Miscellaneous Modules

Modules included in this section

manage_types ^*
merge_table
split_fasta
fasta_splitter
ProjectToSample ^*

`manage_types` ^*

Authors: Menachem Sklarz
Affiliation: Bioinformatics core facility
Organization: National Institute of Biotechnology in the Negev, Ben Gurion University.

A module for managing file type without script creation.
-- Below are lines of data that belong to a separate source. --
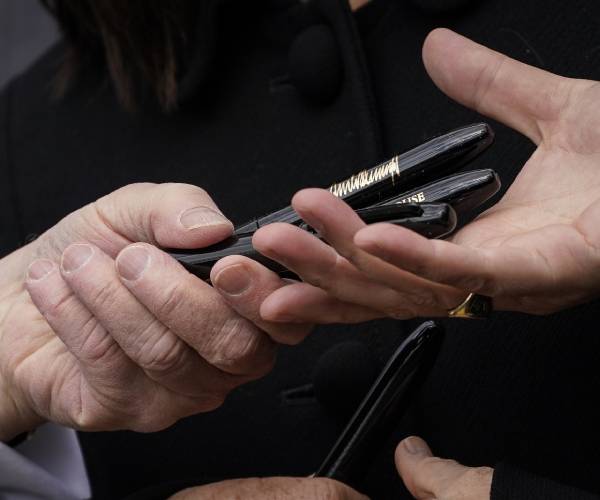 trump hands pens to someone after signing legistlation
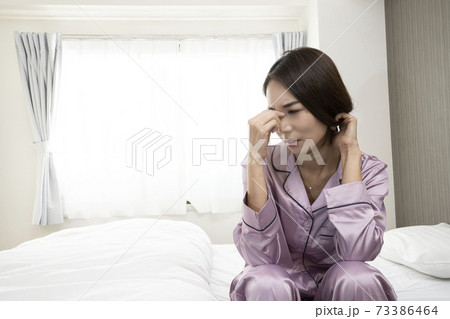 病気で寝込んでいる女性/体調の悪い女性/ベットに寝ている美しい女性/ベッドに座っている美人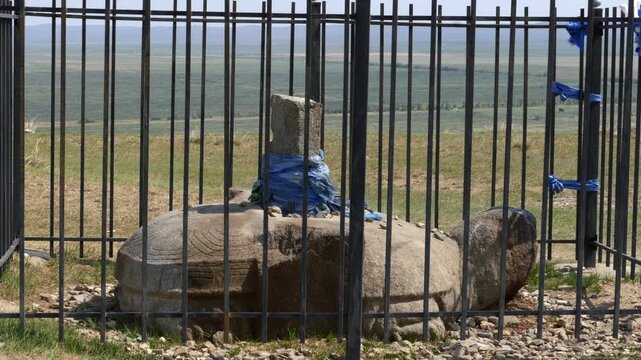 The big rock figure of the turtle behind the iron fence is the Karakorum turtle. On a Sunny summer day. Kharkhorin, Mongolia.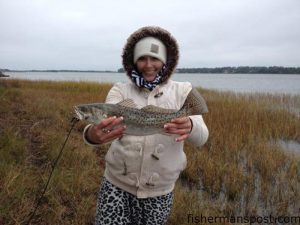 Katie Klug with her first speckled trout, an 18" fish that bit a live menhaden near Southport in early January.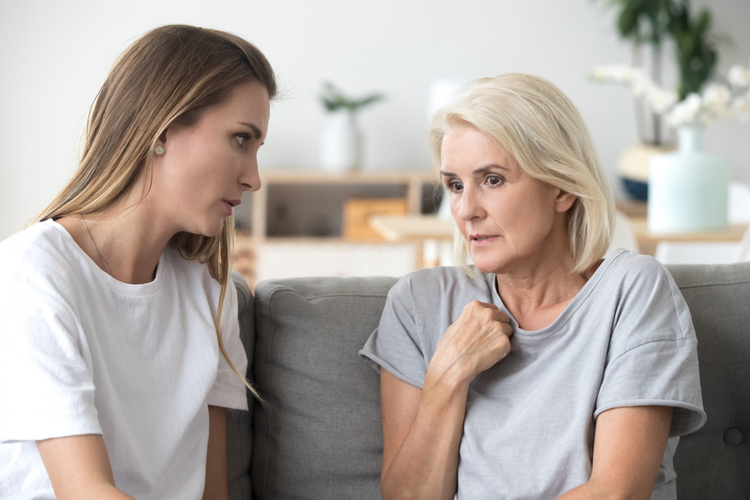 A mother and daughter having a serious conversation.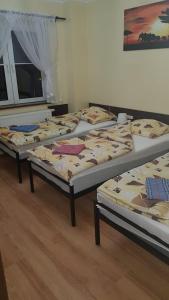 Posteľ alebo postele v izbe v ubytovaní Pokoje Relaks 2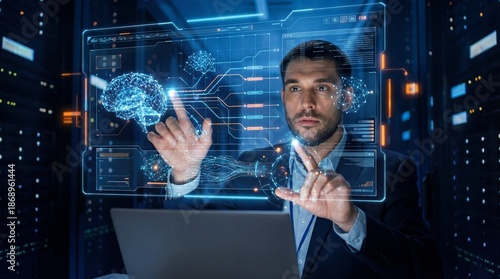 Businessman operating futuristic holographic interface in a data center with laptop © DesignSells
Supports adding, deleting, copying and moving file types.

Requires

Output

Parameters that can be set

Parameter	Values	Comments
operation	add\|del\|mv\|cp	The operation to perform on the file type dictionary
scope	project\|sample	The scope on which to perform the operation. For ‘mv’ and ‘cp’ this is the source scope
type		The type on which to perform the operation. For ‘mv’ and ‘cp’ this is the source type
scope_trg	project\|sample	The destination scope for ‘mv’ and ‘cp’ operations
type_trg		The destination type for ‘mv’ and ‘cp’ operations
path		For ‘add’ operation, the value to insert in the file type.

Attention

The operations do NOT operate on the actual files! They only modify internal file types index.

Tip

You can combine several operations in one module instance, by passing lists to the parameters in the table above. All lists should be of the same length, or of length 1 (i.e. plain strings). Plain strings will be extrapolated to all operations. e.g., to delete one file type and add another, both at the project scope, pass [del,add] to the ‘operation’ parameter, and ‘project’ to the ‘scope’ parameter. The ‘path’ can also be a plain string. It will be extrapolated to ‘del’, as well, but will be ignored by it. See example lines below.

Lines for parameter file

manage_types1:
    module:             manage_types
    base:               STAR_bld_ind
    script_path:        
    scope:              project
    operation:          mv
    type:               trinity.contigs
    type_trg:           trinity.contigs
    scope_trg:          sample

manage_types1:
    module:             manage_types
    base:               trinity1
    script_path:        
    scope:              - project
                        - sample
                        - sample
                        - project
    operation:          - mv
                        - del
                        - cp
                        - add
    type:               - fasta.nucl
                        - fasta.nucl
                        - fastq.F
                        - bam
    type_trg:           [transcripts.nucl, None ,fastq.main, None]
    scope_trg:          sample
    path:               /path/to/mapping.bam   

`merge_table`

Authors: Menachem Sklarz
Affiliation: Bioinformatics core facility
Organization: National Institute of Biotechnology in the Negev, Ben Gurion University.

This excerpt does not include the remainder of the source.